Die Schlussfolgerung aus diesem Urteil sollte nun allerdings nicht sein, von den Muslimen eine „Verkirchlichung“ des Islam zu verlangen. Weder die Einzelverbände DITIB, Islamrat, ZDM und VIKZ noch deren Zusammenschluss KRM (Koordinationsrat der Muslime) dürfen zu einer Art kirchlichen Organisation werden.
Es ist sehr wichtig, den Muslimen ihre religiöse Vielfalt zu lassen – gerade jetzt, da der gesellschaftliche Diskurs immer mehr von den Auseinandersetzungen zwischen dem orthodoxen Islam und einem wie auch immer gearteten Reform-Islam geprägt wird.
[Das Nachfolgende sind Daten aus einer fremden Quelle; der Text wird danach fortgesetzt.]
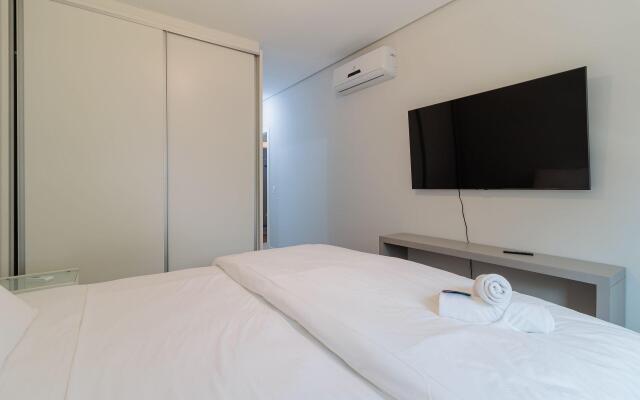 Apto luxuoso a 230m da praia de Jurerê VJE301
Dieser Konflikt wird in den nächsten Jahren weiter zunehmen, weil die Orthodoxen sich die Definitionshoheit über den Islam nicht wegnehmen lassen wollen und die Reformer ihrerseits den Islam anders als die Orthodoxen interpretieren wollen. Die Orthodoxen werden weiterhin die Herkunftskulturen und die Traditionen pflegen und instrumentalisieren, um an dem Hergebrachten festzuhalten.
Die Entscheidung des OVG Münster hat den Muslimen in Deutschland Zeit gegeben für die interne Auseinandersetzung, aber auch für eine differenzierte Darstellung des Islam. Sie sollten diese Zeit nutzen!